Shield is looking for staff writers, editors and a website manager to join our team.
Note: We have received a high number of applications for these positions and will accordingly be closing the vacancies once interviews have concluded (on Wednesday, 4 July). Please apply as soon as possible if you wish to be considered in this recruitment round.
If you would like to be updated if further vacancies become available (there are likely to be a few positions opening in September) then please contact us and ask to be updated.
To apply for any of these roles, please contact us using the form provided. We’ll respond to you quickly from a real email address. (Sorry this is a bit long-winded – it stops us being deluged by spam.)
When we reply to you, we’ll ask you to send your CV and a covering letter briefly outlining what you would bring to the role. If you’re applying to work as an editor or staff writer, we’ll also ask for a writing sample of at least 500 words. You don’t need to write something especially for your application – just your latest essay will do.
Working for Shield
As a blog providing free, high-quality articles, Shield has no income. We are a student-run organisation staffed by volunteers.

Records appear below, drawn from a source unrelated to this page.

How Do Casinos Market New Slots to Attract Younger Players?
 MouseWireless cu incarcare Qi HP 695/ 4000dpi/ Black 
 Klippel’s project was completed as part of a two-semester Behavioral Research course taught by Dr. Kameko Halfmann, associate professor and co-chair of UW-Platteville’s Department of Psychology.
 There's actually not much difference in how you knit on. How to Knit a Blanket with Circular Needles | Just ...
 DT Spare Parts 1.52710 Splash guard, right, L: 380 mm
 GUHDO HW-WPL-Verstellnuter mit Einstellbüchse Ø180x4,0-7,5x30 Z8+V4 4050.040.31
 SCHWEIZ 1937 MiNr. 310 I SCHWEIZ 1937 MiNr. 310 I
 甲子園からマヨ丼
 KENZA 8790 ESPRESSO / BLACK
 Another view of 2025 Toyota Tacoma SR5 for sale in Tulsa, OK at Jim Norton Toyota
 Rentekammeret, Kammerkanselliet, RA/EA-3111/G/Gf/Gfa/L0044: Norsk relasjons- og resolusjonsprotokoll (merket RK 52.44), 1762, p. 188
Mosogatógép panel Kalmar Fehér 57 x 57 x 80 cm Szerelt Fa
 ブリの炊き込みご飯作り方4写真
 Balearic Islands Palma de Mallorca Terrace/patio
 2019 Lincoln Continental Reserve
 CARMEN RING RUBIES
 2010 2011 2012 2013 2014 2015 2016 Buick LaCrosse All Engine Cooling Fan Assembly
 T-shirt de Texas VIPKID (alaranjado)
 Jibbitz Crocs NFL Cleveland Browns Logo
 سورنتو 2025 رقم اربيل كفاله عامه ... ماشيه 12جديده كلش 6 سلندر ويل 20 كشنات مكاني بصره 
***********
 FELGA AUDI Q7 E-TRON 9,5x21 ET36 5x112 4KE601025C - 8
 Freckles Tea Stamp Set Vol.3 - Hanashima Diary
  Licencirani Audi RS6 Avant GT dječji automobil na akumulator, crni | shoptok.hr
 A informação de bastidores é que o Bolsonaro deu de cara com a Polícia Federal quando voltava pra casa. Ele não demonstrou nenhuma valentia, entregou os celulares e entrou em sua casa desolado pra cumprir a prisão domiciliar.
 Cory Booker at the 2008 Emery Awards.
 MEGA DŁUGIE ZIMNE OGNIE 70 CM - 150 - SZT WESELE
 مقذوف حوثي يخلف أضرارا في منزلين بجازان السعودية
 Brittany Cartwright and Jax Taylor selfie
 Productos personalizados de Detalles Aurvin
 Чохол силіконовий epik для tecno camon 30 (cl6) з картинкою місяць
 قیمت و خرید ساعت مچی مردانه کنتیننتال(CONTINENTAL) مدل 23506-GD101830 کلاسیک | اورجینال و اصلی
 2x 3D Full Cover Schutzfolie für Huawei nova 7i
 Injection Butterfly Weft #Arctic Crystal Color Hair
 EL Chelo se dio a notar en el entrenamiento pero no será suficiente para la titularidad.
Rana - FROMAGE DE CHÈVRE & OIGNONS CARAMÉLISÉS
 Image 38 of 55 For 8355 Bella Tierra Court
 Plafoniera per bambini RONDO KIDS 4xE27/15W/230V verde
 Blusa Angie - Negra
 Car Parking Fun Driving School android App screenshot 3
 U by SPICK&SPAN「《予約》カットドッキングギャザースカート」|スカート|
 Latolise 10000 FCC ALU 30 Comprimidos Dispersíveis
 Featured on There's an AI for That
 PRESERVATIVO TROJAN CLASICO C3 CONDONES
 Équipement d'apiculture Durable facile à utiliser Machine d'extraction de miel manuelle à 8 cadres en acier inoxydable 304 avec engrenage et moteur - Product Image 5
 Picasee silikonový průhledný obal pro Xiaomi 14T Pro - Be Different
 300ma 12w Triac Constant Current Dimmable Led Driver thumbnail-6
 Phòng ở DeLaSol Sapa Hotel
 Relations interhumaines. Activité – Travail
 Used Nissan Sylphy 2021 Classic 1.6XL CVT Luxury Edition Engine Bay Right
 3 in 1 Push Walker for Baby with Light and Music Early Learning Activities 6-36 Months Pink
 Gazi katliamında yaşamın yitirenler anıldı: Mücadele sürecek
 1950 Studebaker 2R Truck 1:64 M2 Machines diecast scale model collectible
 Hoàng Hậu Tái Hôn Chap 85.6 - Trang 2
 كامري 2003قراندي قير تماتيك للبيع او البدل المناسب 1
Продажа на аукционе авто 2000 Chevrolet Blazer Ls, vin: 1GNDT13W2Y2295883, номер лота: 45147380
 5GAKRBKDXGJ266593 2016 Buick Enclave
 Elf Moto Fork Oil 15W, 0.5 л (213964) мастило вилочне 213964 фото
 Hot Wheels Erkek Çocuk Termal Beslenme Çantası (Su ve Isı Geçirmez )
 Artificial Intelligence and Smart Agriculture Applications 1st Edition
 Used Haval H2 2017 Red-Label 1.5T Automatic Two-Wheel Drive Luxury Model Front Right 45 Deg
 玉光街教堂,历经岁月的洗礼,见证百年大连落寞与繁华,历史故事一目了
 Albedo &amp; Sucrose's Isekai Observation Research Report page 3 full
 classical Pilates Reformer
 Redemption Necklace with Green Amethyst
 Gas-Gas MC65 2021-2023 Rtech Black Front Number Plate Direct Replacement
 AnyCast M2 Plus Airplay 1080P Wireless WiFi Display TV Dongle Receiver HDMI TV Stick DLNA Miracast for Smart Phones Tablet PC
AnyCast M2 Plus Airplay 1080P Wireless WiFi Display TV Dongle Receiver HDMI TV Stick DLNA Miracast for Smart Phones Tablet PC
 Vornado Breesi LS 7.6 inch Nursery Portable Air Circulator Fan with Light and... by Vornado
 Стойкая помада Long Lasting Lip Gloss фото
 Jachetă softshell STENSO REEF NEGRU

Why should I give up my time to work for Shield, I hear you ask? Why not watch this video and find out:
The experience will look great on your CV. Working for Shield can help you stand out from the crowd and evidence the transferable skills you have developed at university. For example, working as a writer or editor can demonstrate skills including being articulate, organised and analytical.
Shield staff will also benefit from attending a series of Insight Days with key employers. Organisations are keen to meet students who have demonstrated their interest in the defence and security industry. These events are a unique opportunity to find out what it’s really like to work for these employers, as well as to network.
We are searching for several staff writers who can commit to writing a minimum of three articles a year. We respect your academic commitments, which must always come first, and can be flexible about the times of year that you can produce work. (With that said, if you can only write during holiday periods – the most popular time to write articles – you’ll need to focus on topics that aren’t time-sensitive.)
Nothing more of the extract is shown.